Adding new R packages to DHARMA
I receive a lot of request for supporting further R packages with DHARMa, so here a few general technical comments regarding this topic:
Absolutely essential for adding new packages is
-
a simulate function (ideally with the option to condition on REs) that allows simulating new data from a fitted model (more explanations on utility and requirements of a simulate function in the section below).
-
a predict function. Ideal would be again an option to modifying which REs are included in the predictions. If this option is not available, it would be preferable to do predictions unconditionally, i.e. without the random effect estimates (because of https://github.com/florianhartig/DHARMa/issues/43)
Moreover, it would be very convenient to have support for all standard functions for lme4, in particular
- family(),
- model.frame()
- coef() for fixed effect models
- ranef() / fixef() for mixed effect models
If a simulate function is not available, I might code one in exceptional cases, but generally, I have decided to keep this type of activity to a minimum within DHARMa. The reason is that, as explained below, a simulate has very broad applications, and is tightly connected to model code, so in terms of import, visibility, package development and maintenance, such a function is much better placed in the respective package than in DHARMa.
Thus, to add new packages to DHARMa, there are currently three ways / ideas
-
Ask the maintainers of the respective regression package to create a general simulate function, or create one yourself and make a pull request - once this is available, I can immediately add the package to DHARMa
-
Code a custom (non-general) simulate function: as an interim solution, you can write a custom simulate function for the specific model you are working with. For a specific case, this shouldn't be particularly difficult - it will usually involve using the predict function and adding the random distribution, plus potentially drawing new data for the random effects or other hierarchical levels. Technically, you can either write a function to simulate data by hand and then use the createDHARMa function to read in simulations from your function into DHARMa, or code this as a local S3 function(i.e. as in myClass.simulate()).

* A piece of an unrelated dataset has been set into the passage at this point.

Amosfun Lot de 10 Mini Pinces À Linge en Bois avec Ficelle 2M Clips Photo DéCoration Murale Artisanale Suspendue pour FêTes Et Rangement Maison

The latter is more convenient and allows you to use a wider range of options, but maybe requires a bit more testing. An example of a quick-and-dirty hand-coded simulate function below
-
Create a new simulate package Generally, I have to say that it makes much more sense to me to add simulate functions to the respective packages. That being said, on an recent R hackathon, we have started toying around with the idea of a simulate package with the goal to provide a general simulate function, together with interfaces to the various regression packages that don't provide such a function. If you're interested to contribute to this project, get in touch. I can't say when and if this will be operational.
How to do hand-coded simulations for unsupported models
As said above, if the model you want to check is not supported by DHARMa, you could still create simulations from the fitted model by hand and then read in those simulations into DHARMa for the respective checks.
The fact that the model is not supported means that it is likely that it doesn't provide a simulate functions. So we have to code this ourselves. Here is an example for a glm (which of course would have a built-in simulate function)
testData = createData(sampleSize = 50, randomEffectVariance = 0)
fittedModel <- glm(observedResponse ~ Environment1, data = testData, family = "poisson")
# in DHARMA, using the simulate.glm function of glm
sims = simulateResiduals(fittedModel)
plot(sims, quantreg = FALSE)
# Doing the same with a handcode simulate function.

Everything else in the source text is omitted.